Quando è cominciato il tuo percorso professionale e come?
Ho iniziato (orgogliosamente) da commis in Masseria San Domenico a Savelletri di Fasano nel 2001 quando, nei mesi estivi, tornavo a casa da Assisi dove frequentavo l’università. La stagione invernale successiva, la proprietà ed il mio mentore Angelo Cervellera hanno voluto darmi fiducia da subito e mi hanno proposto di fare esperienza nei migliori alberghi di lusso in Europa: Palace Hotel a Gstaad in Svizzera, a Londra presso il Savoy Hotel, il George e l’Harry’s Bar, dove ho potuto fare esperienze e formarmi sui vini internazionali, perfezionando le tecniche di servizio, iniziando così il mio percorso professionale da Sommelier.

Cosa hai imparato dalla formazione Ais? 
Premetto che il corso da sommelier Ais io l’ho fatto dopo essere rientrato in Italia, perché avevo una forte necessità di conoscere i vini italiani che all’estero non erano per nulla conosciuti. È servita, poi, per poter avere un quadro più vasto della terminologia e sulla tecnica di degustazione che, ho scoperto con il tempo, essere molto standardizzata e restrittiva, sicuramente “scolastica”. Il nostro lavoro è fatto di emozioni e sensazioni espresse sulla base di esperienze fatte in vigna e in cantina, trasferendole poi, con capacità comunicativa ed esperienza, al pubblico.

La svolta Fis: ti ha cambiato o ha cambiato solo le tue prospettive? 
La filosofia FONDAZIONE mi ha sicuramente cambiato e ha cambiato il modo di vedere le cose rispetto a quello a cui ero stato abituato in associazione ma, soprattutto, ha risollevato le mie speranze ed aspettative di qualità, grande comunicazione ed organizzazione, presupposti per cui avevo accettato un incarico nel 2010 sul territorio tarantino da Ais, sperando di portare il mio piccolo contributo per la crescita di un territorio.

Le qualità essenziali per essere un top sommelier? 
Impegno, costanza, professionalità, passione e tanta tanta umiltà, in sala e fuori.

Che aspetto del lavoro ami di più e di meno? 
Di più: la possibilità di conoscere il mondo stando fermi e facendo quello che amo fare.
Di meno: il tempo che non basta mai.

Hai una clientela internazionale, cosa proponi per lasciare un ricordo tutto italiano e che vino stapperesti per una cena? 
Autenticità e territorialità allo stato puro, per provocare nel cliente un feedback sensoriale talmente persuasivo da riportarlo nuovamente e presto in Puglia. Insomma un’esperienza unica e indimenticabile. Seguendo questa linea di pensiero, tra i vini che stapperei, sicuramente ci sarebbero i vitigni autoctoni e le eccellenti piccole produzioni da vitigni poco conosciuti.

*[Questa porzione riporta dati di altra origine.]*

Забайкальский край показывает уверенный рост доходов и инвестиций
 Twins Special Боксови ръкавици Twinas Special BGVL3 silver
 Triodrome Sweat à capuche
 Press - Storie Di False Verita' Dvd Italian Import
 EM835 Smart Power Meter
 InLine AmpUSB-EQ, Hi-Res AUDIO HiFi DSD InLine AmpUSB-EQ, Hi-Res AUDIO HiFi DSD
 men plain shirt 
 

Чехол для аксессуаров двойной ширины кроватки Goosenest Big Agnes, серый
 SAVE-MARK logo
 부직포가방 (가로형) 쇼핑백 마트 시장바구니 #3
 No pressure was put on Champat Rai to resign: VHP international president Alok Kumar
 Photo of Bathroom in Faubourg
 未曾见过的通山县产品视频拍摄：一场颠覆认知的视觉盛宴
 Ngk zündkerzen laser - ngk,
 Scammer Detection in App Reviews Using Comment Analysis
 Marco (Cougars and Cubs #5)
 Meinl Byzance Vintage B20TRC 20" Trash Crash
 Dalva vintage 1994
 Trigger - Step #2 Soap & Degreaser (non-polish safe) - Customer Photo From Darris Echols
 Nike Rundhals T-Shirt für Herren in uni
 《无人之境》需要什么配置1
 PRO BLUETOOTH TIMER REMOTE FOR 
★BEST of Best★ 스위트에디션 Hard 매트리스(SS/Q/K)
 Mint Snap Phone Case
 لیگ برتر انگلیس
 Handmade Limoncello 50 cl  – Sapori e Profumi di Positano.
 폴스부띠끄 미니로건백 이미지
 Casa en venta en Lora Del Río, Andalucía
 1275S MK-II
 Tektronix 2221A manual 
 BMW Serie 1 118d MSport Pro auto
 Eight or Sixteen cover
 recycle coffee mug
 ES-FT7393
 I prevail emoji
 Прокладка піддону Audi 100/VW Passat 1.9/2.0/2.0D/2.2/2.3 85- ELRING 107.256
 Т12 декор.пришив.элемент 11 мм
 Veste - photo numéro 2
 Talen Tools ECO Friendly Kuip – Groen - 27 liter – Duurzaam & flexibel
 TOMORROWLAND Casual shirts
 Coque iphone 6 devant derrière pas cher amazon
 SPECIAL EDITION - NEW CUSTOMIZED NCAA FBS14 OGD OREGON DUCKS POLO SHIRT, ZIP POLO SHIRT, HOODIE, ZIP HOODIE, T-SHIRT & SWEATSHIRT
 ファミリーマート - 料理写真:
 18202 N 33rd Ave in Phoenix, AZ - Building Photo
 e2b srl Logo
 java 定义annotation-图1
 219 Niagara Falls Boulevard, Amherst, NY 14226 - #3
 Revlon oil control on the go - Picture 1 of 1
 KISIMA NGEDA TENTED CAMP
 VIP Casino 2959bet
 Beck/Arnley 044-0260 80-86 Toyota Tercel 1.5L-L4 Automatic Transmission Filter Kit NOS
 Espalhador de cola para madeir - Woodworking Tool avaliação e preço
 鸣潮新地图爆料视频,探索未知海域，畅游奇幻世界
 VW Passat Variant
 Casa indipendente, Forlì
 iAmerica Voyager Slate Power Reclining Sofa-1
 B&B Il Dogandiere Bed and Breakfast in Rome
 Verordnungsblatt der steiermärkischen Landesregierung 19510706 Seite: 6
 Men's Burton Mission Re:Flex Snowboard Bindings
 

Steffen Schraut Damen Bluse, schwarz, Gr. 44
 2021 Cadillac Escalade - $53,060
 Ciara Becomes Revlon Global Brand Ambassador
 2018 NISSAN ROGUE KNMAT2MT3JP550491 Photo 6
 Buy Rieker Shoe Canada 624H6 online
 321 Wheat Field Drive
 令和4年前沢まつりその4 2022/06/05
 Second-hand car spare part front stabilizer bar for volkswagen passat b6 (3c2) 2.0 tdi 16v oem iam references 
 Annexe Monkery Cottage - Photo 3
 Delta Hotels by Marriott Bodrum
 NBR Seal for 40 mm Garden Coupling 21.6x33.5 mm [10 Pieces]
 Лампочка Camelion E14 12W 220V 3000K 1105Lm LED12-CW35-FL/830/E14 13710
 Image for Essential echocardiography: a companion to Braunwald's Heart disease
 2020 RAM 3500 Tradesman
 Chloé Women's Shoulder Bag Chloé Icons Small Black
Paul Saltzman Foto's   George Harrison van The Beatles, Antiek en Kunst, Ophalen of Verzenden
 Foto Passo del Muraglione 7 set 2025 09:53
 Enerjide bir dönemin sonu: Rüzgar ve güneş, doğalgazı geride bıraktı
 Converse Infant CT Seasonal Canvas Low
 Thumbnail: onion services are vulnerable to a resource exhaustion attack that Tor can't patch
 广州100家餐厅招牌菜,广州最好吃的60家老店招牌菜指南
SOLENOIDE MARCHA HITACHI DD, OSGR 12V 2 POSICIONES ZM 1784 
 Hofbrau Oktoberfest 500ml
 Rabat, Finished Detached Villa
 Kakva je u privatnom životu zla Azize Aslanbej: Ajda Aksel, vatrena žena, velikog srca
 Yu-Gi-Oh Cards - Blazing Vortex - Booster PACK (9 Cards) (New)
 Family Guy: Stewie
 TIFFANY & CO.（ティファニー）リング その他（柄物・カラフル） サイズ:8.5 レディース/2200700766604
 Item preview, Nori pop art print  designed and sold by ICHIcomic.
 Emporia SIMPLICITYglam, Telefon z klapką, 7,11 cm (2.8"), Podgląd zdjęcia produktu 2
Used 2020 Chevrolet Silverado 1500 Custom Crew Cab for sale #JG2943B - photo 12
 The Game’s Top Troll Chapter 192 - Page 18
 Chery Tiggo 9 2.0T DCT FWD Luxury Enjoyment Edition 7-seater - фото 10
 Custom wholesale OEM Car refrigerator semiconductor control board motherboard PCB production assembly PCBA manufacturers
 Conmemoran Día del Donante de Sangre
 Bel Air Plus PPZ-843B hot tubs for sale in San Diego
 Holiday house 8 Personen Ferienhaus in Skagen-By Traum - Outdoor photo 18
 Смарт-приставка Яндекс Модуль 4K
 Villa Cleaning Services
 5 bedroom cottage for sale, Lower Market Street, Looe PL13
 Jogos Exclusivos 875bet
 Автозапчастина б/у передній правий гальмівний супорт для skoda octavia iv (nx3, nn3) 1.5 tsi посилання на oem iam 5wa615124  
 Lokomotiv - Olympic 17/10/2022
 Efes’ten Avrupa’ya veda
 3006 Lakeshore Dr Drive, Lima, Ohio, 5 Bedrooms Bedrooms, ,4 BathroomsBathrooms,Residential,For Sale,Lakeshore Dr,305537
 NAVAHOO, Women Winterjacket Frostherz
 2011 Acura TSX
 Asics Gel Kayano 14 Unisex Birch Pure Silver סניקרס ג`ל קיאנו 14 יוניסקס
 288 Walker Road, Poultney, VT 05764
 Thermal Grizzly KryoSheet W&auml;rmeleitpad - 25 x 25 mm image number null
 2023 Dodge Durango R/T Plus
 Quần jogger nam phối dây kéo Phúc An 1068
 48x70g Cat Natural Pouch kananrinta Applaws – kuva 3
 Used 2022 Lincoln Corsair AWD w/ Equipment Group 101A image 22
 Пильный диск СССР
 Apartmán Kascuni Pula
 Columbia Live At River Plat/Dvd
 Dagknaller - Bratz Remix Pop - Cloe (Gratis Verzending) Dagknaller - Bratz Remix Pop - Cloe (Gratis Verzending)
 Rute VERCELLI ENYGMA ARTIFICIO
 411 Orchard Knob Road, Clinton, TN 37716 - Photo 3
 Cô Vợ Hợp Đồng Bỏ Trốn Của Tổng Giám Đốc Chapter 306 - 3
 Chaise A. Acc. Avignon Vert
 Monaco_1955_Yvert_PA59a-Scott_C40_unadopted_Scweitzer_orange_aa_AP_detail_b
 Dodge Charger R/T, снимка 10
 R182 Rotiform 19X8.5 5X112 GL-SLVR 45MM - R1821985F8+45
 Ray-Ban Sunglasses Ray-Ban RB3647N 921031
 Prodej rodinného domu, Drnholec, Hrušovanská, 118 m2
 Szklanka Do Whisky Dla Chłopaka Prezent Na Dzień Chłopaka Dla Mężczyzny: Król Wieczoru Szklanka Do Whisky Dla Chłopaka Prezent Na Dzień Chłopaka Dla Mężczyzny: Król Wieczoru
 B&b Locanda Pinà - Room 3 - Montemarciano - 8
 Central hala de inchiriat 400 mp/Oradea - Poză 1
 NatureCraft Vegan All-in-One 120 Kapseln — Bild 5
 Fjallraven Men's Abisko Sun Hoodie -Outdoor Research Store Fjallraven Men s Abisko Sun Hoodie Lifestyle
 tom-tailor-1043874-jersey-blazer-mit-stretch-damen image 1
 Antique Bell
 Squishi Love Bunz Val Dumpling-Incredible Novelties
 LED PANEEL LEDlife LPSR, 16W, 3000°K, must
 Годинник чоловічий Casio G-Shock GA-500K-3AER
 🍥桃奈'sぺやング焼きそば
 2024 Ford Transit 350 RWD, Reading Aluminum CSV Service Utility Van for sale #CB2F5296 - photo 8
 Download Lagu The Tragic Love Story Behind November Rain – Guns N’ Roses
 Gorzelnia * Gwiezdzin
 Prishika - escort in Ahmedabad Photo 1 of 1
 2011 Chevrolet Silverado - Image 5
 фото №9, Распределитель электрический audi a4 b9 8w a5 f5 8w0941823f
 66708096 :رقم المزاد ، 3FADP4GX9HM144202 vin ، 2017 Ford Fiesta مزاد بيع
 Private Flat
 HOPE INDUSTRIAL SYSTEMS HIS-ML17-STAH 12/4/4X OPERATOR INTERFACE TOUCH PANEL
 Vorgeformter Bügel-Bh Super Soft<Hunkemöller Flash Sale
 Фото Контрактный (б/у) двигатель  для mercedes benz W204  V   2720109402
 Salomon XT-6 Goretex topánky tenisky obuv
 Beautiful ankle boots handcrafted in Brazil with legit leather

Ogni cuoco ha un maestro, succede lo stesso anche per il sommelier? 
Il sommelier professionista ha sempre nel proprio percorso formativo un’icona, ma quello che lo contraddistingue è la capacità di arricchirsi quotidianamente nel rapporto con i suoi clienti, con cui l’interscambio è costante. La mia icona di sommelier professionista, (con il quale ho avuto modo di collaborare) è stato Andrea Maffei del Palace a Gstaad. Con lui ho avuto la possibilità di comprendere come funziona una wine cellar ed una grande carta vini.

É importante viaggiare per un sommelier come per uno chef? 
È vitale per comprendere e vivere i territori e i terroir, scoprire sul posto la filosofia aziendale ed il contesto storico di vitigni e luoghi. Il viaggio è il libro su cui approfondire e poterlo raccontare aumenta la propria autorevolezza in materia.

Che consiglio daresti a chi comincia ora la carriera di sommelier? 
Aiutati che dio t’aiuta! Rispetta ed ama il tuo lavoro come fosse tua madre, fallo crescere e coccolalo come fosse tuo figlio. L’impegno, il sacrificio e l’umiltà sono le fondamentali doti per un buon sommelier, poi bravi ed esperti si diventa.

L’Emilia per lo chef Massimo Bottura è una terra di fast car e slow food, tu come definiresti la Puglia? 
La mia terra è un grande albero di ulivo, maestoso e radicato fortemente ad un territorio che con orgoglio gli appartiene e sovrasta. Millenni di storia e infinite civiltà gli appartengono, nato minuto e rozzo ma levigatosi elegantissimo con il trascorrere del tempo. Questa è per me la Puglia quando la racconto.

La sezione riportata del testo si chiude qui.